Below is a listing. Quote from it, exactly, the lines from the one containing "2625 Spruce Park" down to the one containing "New 2025 Jeep", both ends included, and nothing else.

*** Opening DATA TO PROCESS ***

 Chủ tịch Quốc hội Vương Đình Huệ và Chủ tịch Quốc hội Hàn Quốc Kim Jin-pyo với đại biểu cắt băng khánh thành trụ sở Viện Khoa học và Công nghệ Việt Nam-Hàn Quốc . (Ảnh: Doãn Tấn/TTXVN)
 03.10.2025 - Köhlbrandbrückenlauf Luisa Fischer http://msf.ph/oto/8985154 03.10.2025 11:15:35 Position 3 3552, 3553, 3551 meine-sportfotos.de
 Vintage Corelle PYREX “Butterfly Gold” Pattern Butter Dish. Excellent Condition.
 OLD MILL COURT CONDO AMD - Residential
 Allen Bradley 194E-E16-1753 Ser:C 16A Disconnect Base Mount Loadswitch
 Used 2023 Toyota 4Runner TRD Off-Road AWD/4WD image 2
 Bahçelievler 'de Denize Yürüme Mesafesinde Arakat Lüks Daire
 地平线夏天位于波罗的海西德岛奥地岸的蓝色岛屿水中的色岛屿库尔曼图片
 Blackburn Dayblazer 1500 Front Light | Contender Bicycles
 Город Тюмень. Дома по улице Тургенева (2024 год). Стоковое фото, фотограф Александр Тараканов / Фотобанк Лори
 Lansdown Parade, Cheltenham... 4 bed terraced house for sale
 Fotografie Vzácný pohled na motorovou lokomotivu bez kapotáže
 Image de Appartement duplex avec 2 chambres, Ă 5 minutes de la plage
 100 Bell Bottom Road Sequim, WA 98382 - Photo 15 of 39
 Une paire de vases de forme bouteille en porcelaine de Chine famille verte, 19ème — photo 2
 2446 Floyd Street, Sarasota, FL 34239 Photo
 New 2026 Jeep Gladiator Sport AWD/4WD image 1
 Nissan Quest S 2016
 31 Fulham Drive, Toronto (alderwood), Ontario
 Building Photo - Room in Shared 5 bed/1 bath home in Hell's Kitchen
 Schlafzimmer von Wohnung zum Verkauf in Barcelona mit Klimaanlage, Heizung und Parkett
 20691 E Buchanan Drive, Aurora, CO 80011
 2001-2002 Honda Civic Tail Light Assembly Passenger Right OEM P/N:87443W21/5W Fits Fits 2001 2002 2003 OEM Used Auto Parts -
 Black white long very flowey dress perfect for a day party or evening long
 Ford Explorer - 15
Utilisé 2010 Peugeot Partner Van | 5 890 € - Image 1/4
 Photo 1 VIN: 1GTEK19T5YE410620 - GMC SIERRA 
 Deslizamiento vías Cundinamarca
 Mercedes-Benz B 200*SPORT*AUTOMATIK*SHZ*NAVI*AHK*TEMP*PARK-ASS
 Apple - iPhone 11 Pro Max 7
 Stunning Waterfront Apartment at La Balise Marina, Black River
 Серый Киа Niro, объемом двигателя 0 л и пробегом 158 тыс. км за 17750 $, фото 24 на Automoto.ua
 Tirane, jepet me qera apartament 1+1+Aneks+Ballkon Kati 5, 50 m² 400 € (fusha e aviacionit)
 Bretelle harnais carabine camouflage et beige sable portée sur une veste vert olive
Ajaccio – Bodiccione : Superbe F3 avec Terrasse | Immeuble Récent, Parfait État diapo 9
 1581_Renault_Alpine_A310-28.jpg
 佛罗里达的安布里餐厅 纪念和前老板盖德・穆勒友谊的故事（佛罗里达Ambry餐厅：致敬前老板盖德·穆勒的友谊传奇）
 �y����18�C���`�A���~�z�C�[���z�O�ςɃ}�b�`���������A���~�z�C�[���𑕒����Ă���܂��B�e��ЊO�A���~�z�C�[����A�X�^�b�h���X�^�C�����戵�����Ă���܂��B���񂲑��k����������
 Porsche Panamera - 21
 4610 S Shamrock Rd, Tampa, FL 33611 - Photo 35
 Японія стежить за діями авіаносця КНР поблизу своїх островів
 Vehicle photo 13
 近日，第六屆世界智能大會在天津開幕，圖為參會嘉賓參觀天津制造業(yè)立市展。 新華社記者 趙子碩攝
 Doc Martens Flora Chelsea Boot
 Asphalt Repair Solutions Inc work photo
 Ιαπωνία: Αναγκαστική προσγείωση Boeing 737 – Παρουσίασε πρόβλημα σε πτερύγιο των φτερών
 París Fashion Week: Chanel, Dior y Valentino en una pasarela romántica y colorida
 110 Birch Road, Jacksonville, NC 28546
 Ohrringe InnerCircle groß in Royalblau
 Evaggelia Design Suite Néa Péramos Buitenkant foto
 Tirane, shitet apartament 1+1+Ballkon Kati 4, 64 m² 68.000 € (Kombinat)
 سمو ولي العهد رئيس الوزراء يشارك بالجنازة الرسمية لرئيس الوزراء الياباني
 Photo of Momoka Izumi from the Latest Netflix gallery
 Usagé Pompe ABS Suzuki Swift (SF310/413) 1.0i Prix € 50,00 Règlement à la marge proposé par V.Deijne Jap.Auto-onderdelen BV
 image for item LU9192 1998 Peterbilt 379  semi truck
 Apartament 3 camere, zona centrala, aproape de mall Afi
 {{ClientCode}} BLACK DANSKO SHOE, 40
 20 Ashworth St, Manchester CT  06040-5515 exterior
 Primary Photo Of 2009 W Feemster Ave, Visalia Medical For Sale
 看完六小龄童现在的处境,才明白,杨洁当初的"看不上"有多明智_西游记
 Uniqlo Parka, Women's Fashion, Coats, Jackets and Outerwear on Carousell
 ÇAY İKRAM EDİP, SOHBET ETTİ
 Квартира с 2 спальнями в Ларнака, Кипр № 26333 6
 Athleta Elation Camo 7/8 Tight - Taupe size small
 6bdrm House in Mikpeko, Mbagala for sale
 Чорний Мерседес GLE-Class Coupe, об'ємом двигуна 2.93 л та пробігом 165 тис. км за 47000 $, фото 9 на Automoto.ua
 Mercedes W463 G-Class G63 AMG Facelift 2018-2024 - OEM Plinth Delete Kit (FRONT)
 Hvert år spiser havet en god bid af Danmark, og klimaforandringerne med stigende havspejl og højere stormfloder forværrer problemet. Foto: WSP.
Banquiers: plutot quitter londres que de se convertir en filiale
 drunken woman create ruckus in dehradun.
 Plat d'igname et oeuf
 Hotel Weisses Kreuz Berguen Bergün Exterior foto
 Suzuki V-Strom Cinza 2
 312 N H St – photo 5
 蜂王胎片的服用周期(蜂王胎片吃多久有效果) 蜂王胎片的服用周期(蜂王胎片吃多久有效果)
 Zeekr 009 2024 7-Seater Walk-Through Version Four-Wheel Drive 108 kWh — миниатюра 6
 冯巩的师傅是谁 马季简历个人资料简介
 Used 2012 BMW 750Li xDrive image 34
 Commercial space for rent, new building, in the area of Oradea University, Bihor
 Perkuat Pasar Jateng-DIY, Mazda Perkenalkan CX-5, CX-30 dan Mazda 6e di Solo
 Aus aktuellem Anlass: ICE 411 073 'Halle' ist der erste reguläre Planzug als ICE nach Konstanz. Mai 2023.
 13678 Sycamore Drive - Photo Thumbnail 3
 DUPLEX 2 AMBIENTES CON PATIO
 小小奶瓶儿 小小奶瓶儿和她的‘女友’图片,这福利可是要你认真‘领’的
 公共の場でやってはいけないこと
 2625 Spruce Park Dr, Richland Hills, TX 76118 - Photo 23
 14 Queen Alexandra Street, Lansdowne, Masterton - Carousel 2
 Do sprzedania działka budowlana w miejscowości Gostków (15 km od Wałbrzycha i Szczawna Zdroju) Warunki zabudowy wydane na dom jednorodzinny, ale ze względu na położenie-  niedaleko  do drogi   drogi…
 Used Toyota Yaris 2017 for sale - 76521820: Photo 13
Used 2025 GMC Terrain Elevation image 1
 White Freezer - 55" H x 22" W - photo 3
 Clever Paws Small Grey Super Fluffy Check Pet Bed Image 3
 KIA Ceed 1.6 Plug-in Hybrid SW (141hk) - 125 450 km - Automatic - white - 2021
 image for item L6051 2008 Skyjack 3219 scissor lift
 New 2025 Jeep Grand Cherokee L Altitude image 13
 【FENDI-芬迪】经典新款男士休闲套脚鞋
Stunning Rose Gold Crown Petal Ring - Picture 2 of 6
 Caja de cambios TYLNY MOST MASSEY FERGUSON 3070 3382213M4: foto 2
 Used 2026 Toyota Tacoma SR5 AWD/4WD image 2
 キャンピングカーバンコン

*** Closing DATA TO PROCESS ***

▶ **RESPONSE FOR THIS EXERCISE**:
 2625 Spruce Park Dr, Richland Hills, TX 76118 - Photo 23
 14 Queen Alexandra Street, Lansdowne, Masterton - Carousel 2
 Do sprzedania działka budowlana w miejscowości Gostków (15 km od Wałbrzycha i Szczawna Zdroju) Warunki zabudowy wydane na dom jednorodzinny, ale ze względu na położenie-  niedaleko  do drogi   drogi…
 Used Toyota Yaris 2017 for sale - 76521820: Photo 13
Used 2025 GMC Terrain Elevation image 1
 White Freezer - 55" H x 22" W - photo 3
 Clever Paws Small Grey Super Fluffy Check Pet Bed Image 3
 KIA Ceed 1.6 Plug-in Hybrid SW (141hk) - 125 450 km - Automatic - white - 2021
 image for item L6051 2008 Skyjack 3219 scissor lift
 New 2025 Jeep Grand Cherokee L Altitude image 13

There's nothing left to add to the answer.